Some satsuma-imo gohan recipes include other ingredients like yurine (lily bulbs) that are difficult to find even in Japan and probably impossible to find without. I’ve kept this recipe simple, with an optional sprinkling of toasted black sesame or goma shio (black sesame salt) on top. I always serve it Japanese-style with miso soup and often a tofu dish of some kind, but it would be just as good included in a Western-style meal. And if you can’t find satsuma-imo I don’t see why you couldn’t try this recipe with American sweet potatoes or yams.
And since this is the first recipe I’m posting, let me mention a few things about my approach to writing recipes. I’ve converted all rice measurements into American cups since no one outside Japan would understand recipes written with gō (about 150 grams), the traditional way of measuring rice. I tend to measure dry ingredients and vegetables using grams because I think this is the most exact and efficient way – if a recipe says “1 cup of diced carrot” I almost never bother measuring, but if it says “100 grams of diced carrot” I find it very convenient to weigh the carrot, chop off the necessary part, and then cut as necessary (one also becomes very good at estimating weight after a while). Also, since some of the ingredients I use are somewhat unfamiliar to English speakers and packaging methods and sizes vary by country, I don’t feel confident just saying “1 pack of shimeji mushrooms” or “1/2 medium daikon radish.” I know that most Americans don’t use a kitchen scale but I really recommend buying one because it’s a handy tool to have. All other measurements provided (cups, teaspoons, etc.) are standard American ones.
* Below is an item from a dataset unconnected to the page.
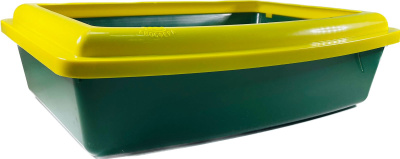 Вака 53945 Туалет (лоток) для кошек глубокий (с бортиком, зелёный, 42,5х33х11см)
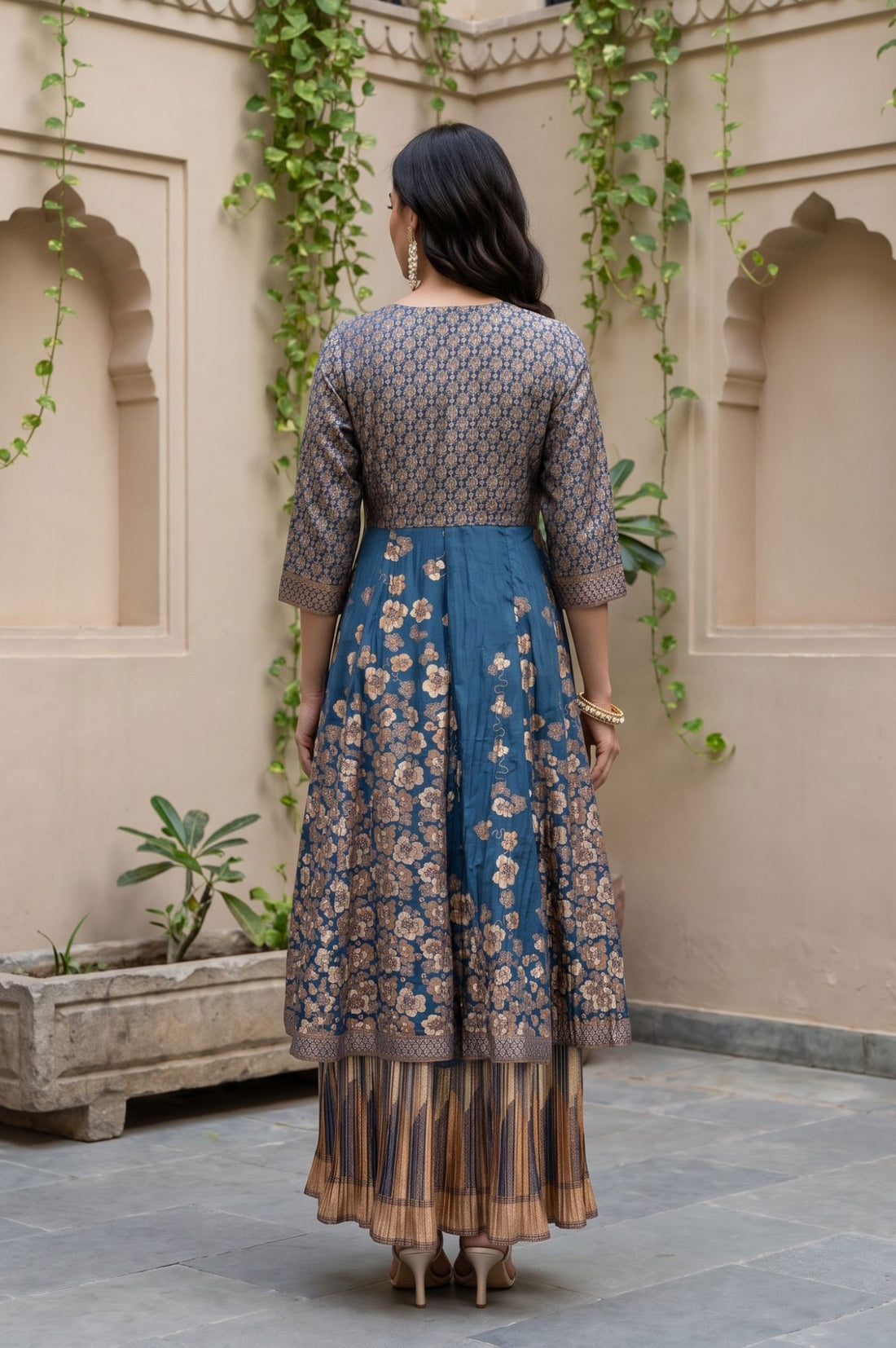 Blue Jacquard Woven Crop Top, Skirt &amp; Jacket Festive Set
Regarding rice, all of my rice recipes call for “Japanese rice,” which is a type of short-grain rice sometimes sold as “sushi rice” in America. It has a unique stickiness and texture, so long-grain does not make an acceptable substitute. This type of rice needs to be washed before cooking to remove extra starch. I always cook rice in my Zojirushi rice cooker or in a clay pot so I’m not going to provide instructions to cook rice in a regular pot on the stove for each recipe. If you want to know more about cooking Japanese rice on the stove, Just Hungry has good instructions as does Washoku: Recipes From the Japanese Home Kitchen by Elizabeth Andoh. But even if you don’t eat rice every day a rice cooker is a good investment for cooking all sorts of grains and the ones sold in English-speaking countries often have settings for everything from steel-cut oatmeal to risotto. It’s also the easiest way to get consistent results with brown rice.
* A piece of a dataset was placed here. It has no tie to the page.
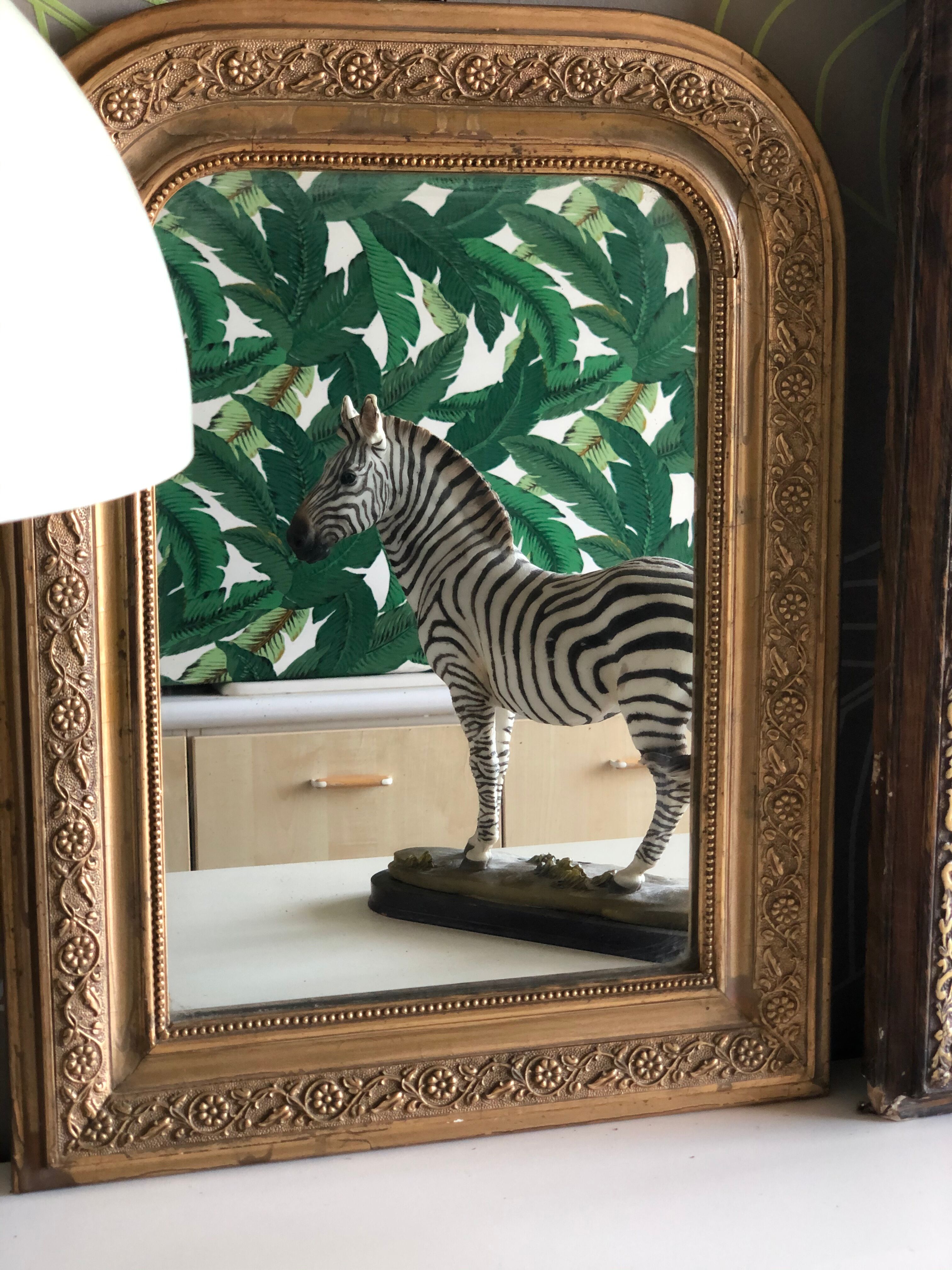 Philippe Louis mirror in gilded stucco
Satsuma-imo rice with black rice (Kuromai satsuma-imo gohan)
Makes 4 cups cooked rice
Japanese rice 2 cups
Kuromai (black rice) 2 Tbs
Satsuma-imo 250 g
Water 2 1/4 cups
Sake 2 Tbs
Mirin (sweet rice wine) 1 Tbs
Salt 1/2 tsp
Konbu (kelp) 10 cm square piece
Toasted black sesame seeds or goma-shio, to taste (optional)
- Wash the rice. The easiest way to do this is to place the rice in a colander inside a bowl, then rinse it until the water runs clear while “polishing” the rice by rubbing it against the colander with the butt of one hand.
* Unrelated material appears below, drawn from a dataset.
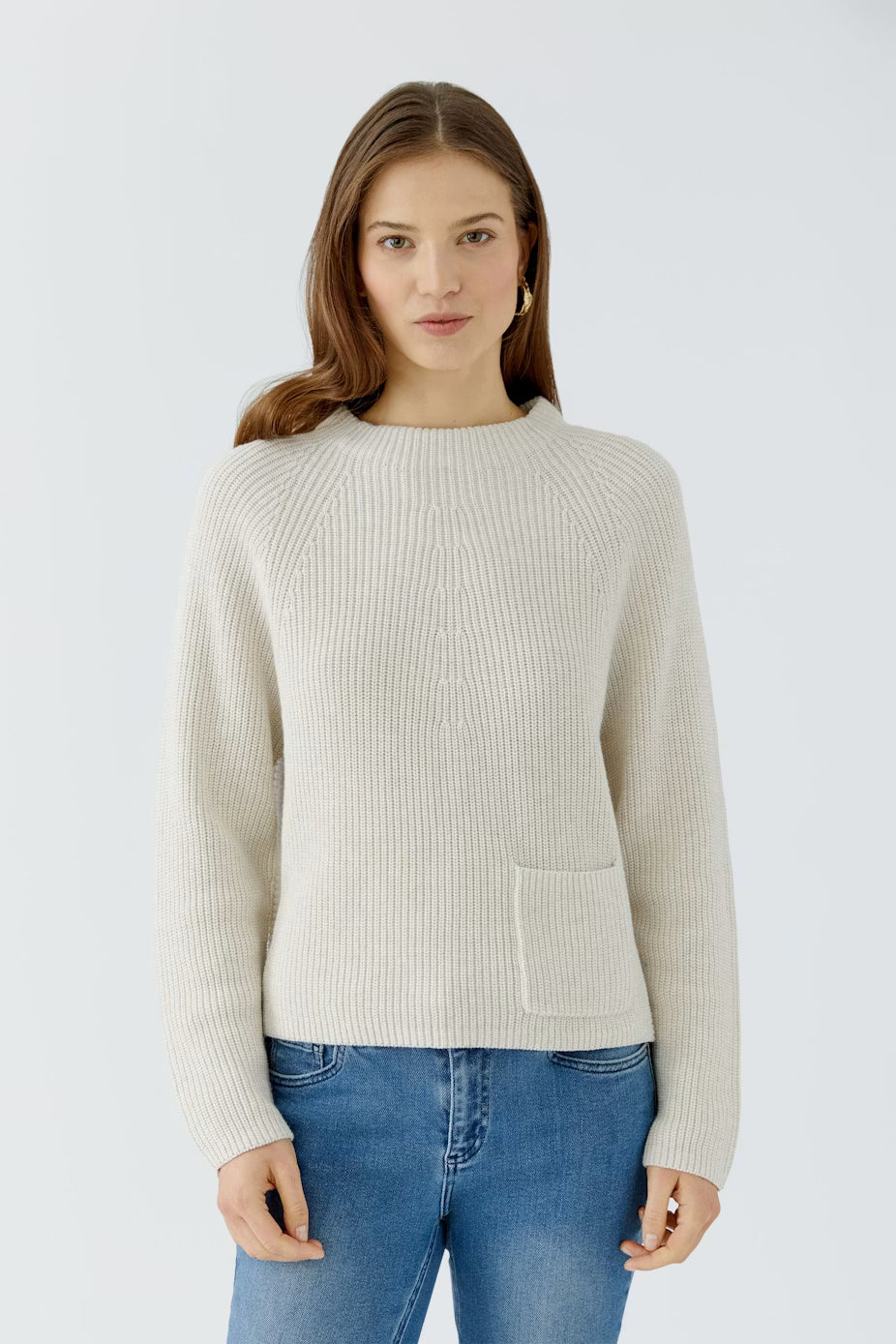 Oui Riya Cotton Pullover With Pocket
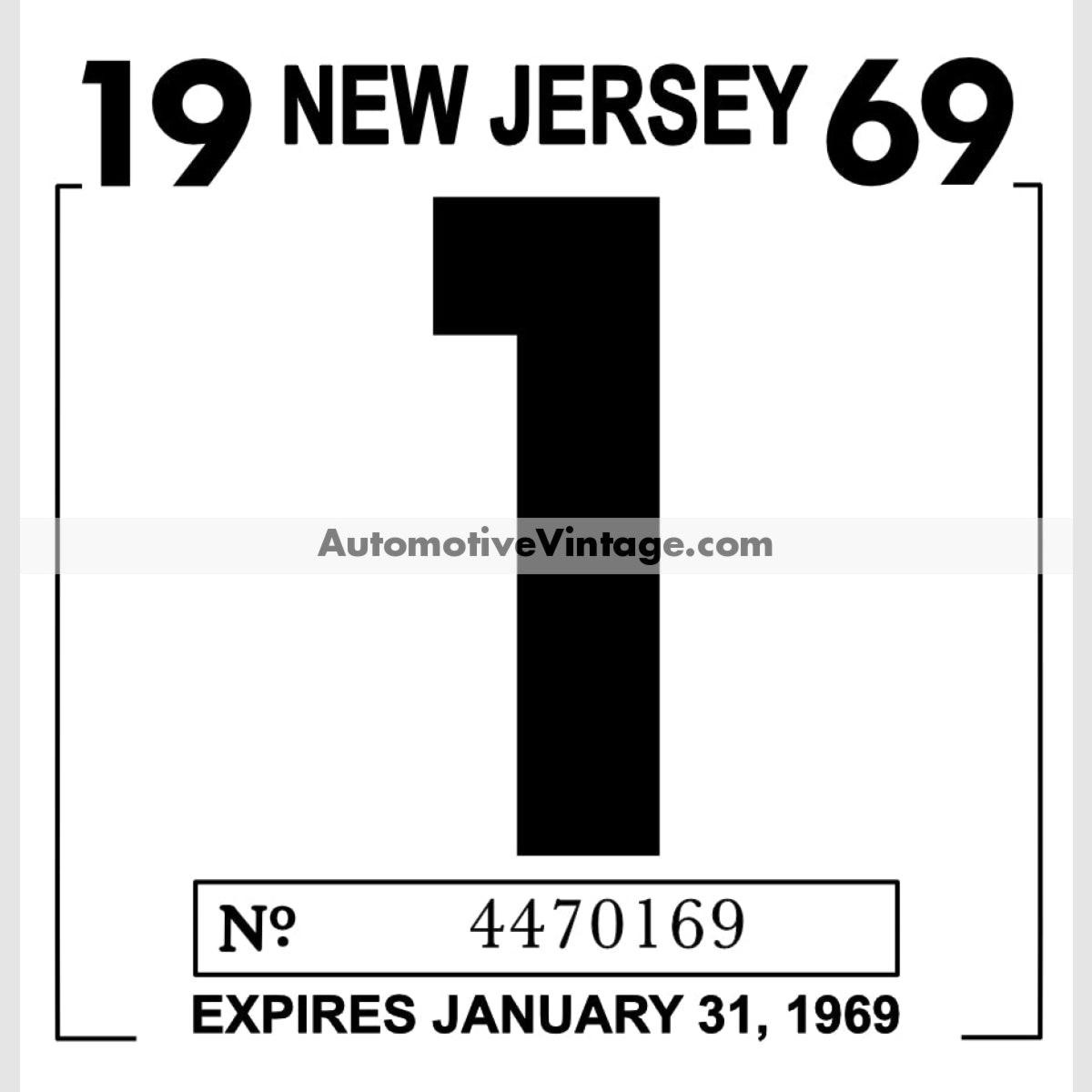 Vintage 1969 New Jersey Windshield Inspection Sticker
- Place the rice into your rice cooker or pot and pour the water in. Let sit for 30 minutes to allow the rice to plump.
- Dice the satsuma-imo into 1 cm square pieces.
- Add the sake, mirin, and salt, followed by the satsuma-imo and konbu (I usually use a piece left over from making dashi). Set your rice cooker to the “white rice” setting, then turn it on.
- When the rice is done cooking remove the kelp and gently fluff the rice with a paddle, taking care not to break up the sweet potato.
- Garnish individual servings with toasted black sesame seeds or goma shio if desired.